A long-time fan of Microsoft advertising and their Accessibility/Enable channels, I was thrilled to hear how the world-renowned technology giant came to become one of the most recognizable global brands. I can promise it didn’t disappoint.
Steve Clayton has been with Microsoft for 21 years and was accidentally hired. Thought to be another Steve (don’t worry, he was obviously the right fit for the role), he’s been storytelling for Microsoft ever since. His presentation covered, “Creating a culture of storytelling and innovation.”
Clayton offered us an inside look into Microsoft then, and now: how it recognized that it’s advertising ship was sinking, and how it healed its rupturing reputation by identifying past issues and updating to a new style of branding.
Working from scratch: redefining the values of the Microsoft brand
In a lot of ways, the release of the commercial for the Xbox Adaptive Controller signaled a transition at Microsoft. The company went from lampooning to reaping the rewards of a successful and authentic re-brand.

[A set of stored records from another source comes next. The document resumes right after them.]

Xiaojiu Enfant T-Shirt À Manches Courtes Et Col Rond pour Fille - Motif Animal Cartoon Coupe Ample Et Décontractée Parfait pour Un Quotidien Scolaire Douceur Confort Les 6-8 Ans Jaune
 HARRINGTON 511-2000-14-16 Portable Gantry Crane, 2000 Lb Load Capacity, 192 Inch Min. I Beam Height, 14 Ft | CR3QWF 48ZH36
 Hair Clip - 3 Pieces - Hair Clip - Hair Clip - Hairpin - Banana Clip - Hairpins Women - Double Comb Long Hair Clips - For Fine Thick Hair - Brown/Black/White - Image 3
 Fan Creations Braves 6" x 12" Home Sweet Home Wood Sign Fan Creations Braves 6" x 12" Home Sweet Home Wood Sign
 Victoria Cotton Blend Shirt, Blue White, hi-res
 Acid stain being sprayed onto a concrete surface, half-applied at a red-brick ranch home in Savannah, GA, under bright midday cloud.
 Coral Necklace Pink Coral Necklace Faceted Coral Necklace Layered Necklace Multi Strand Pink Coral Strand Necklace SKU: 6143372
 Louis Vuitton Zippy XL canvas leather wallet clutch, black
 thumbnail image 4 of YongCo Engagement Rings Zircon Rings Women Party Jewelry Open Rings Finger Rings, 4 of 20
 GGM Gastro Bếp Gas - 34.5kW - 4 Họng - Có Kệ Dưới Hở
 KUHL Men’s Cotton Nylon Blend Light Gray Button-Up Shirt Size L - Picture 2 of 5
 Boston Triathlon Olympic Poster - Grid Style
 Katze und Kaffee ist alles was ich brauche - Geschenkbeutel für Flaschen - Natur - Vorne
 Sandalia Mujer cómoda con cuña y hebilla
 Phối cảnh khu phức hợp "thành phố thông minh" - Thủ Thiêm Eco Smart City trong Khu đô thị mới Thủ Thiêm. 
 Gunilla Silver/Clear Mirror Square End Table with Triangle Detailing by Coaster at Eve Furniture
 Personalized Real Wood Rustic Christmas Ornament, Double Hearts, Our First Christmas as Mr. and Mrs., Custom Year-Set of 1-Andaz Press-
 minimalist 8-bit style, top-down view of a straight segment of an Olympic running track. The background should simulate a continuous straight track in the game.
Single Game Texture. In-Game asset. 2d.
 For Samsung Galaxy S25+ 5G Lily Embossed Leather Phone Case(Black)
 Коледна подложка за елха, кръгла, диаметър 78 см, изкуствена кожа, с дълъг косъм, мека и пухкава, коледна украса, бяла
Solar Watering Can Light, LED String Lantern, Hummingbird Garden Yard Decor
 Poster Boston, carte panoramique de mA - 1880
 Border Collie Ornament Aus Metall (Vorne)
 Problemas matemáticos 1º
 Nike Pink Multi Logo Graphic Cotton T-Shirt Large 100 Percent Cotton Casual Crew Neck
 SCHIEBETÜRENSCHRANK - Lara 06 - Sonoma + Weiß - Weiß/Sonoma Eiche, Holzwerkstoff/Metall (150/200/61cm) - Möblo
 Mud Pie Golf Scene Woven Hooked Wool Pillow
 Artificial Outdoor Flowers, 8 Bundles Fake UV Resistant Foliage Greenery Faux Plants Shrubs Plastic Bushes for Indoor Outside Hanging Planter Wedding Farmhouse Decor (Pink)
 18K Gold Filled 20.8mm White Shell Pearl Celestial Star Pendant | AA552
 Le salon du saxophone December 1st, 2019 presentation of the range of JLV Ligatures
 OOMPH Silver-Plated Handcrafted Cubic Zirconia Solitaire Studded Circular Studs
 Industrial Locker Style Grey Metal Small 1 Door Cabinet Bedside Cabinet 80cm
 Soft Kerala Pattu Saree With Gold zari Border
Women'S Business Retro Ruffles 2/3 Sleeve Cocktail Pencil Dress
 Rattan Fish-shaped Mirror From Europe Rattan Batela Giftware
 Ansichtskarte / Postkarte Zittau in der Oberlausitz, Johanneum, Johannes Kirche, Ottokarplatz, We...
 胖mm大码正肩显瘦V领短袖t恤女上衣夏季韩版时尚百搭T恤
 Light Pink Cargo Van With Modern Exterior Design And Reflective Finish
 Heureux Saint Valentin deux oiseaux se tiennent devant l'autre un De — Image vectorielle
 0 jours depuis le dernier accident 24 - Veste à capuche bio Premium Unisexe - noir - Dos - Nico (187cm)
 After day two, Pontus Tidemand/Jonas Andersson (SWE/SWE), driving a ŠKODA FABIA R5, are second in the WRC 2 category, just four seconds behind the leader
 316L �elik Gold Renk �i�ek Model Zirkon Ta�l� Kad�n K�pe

Clayton’s reasoning for why the commercial resonated so well? It wasn’t just in the unique imagery, but their strategic decision of approaching the commercial around a simple premise: hire talented people that are inspired to share the heartwarming, innovative story of the Adaptive Controller. What came next was a natural fit for the brand and technology. The commercial quickly became a reflection of where the company has come, and where it’s headed moving forward.
“Microsoft by the Numbers” and the story “88 acres,” are other prime examples of how the company was able to catch the eyes of tens of thousands of individuals with their campaigns. Starting as an uncomplicated idea, Microsoft published a story detailing the technology behind the 88 acres that their Redmond HQ lives, sits, and breathes on.
The story published off-the-radar, without any amplification from within the company. But by the time weekday hit on Monday morning, the story of “88 acres” was splashed across major news sites. Microsoft received correspondence from multiple corporations asking if they could purchase the technology, or some variation of the 88 acres, for their own corporate use. The answer was no, but audiences loved the story of “88 acres” so much, that “Microsoft by the Numbers” took on a similar role to include audiences in the revolutionary tech fueling the campus.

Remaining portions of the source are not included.